▶ _Task instructions_
Word for word, copy the line that contains "-Ginza Onodera铁板烧(外滩十八号店)" and each line after it in the data below. Pictures stay out of the copy.
◇ ◇ ◇ ◇ ◇
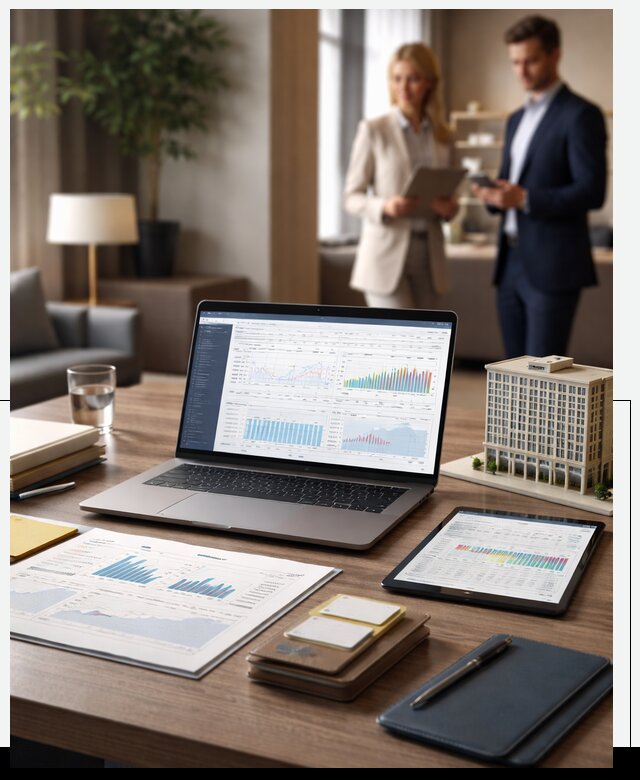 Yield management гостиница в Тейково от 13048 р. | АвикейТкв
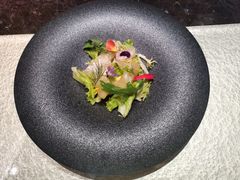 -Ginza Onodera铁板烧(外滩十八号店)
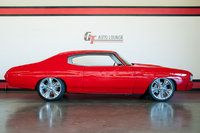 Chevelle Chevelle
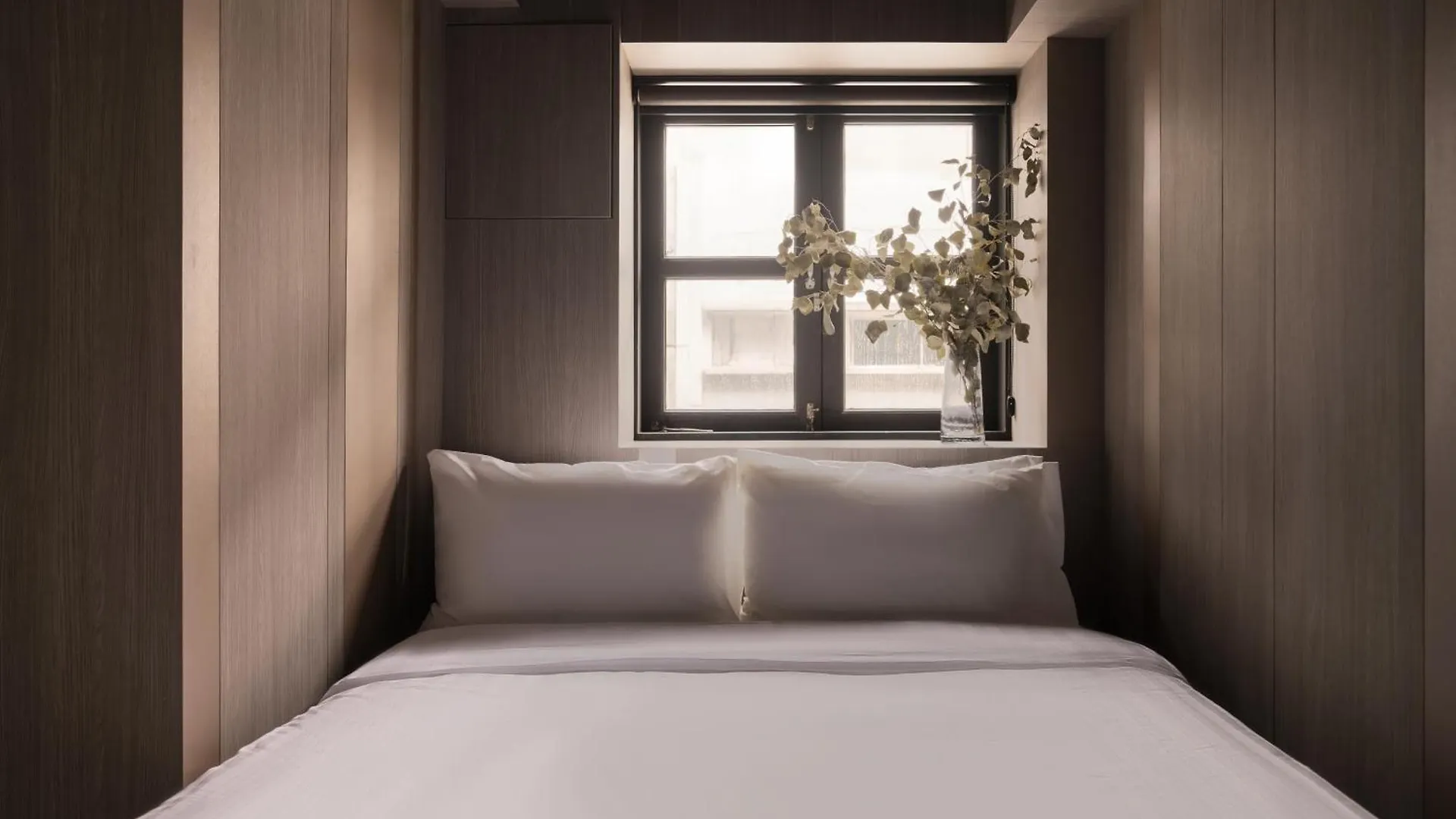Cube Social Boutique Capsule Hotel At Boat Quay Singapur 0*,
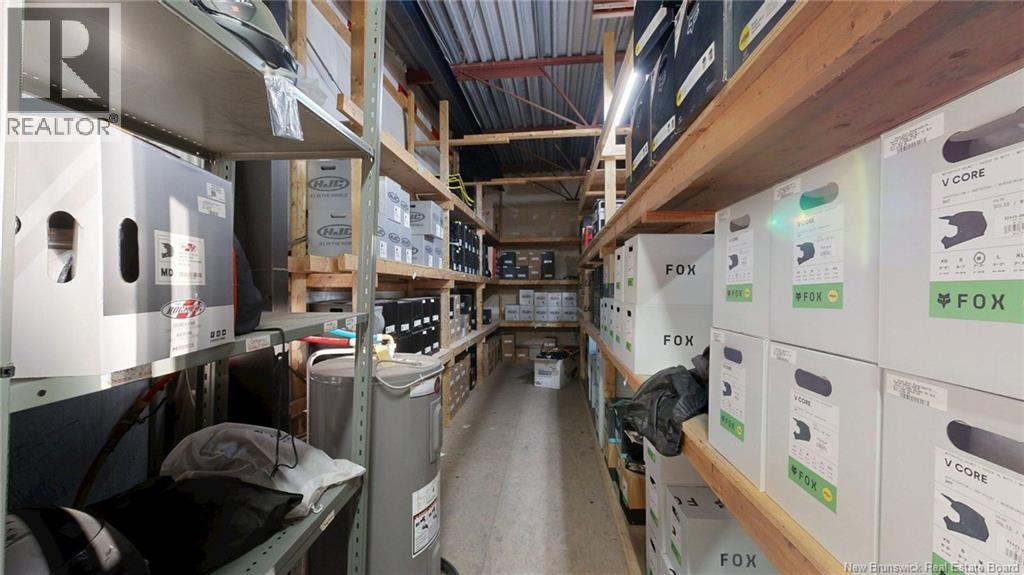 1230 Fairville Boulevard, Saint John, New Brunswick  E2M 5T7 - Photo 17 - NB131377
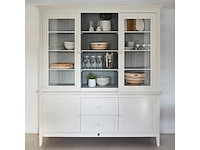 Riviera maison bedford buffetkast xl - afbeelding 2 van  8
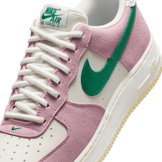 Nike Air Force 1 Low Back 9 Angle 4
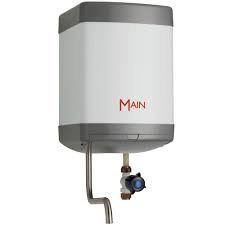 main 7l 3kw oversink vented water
◇ ◇ ◇ ◇ ◇
▶ _Your solution_
 -Ginza Onodera铁板烧(外滩十八号店)
 Chevelle Chevelle
Cube Social Boutique Capsule Hotel At Boat Quay Singapur 0*,
 1230 Fairville Boulevard, Saint John, New Brunswick  E2M 5T7 - Photo 17 - NB131377
 Riviera maison bedford buffetkast xl - afbeelding 2 van  8
 Nike Air Force 1 Low Back 9 Angle 4
 main 7l 3kw oversink vented water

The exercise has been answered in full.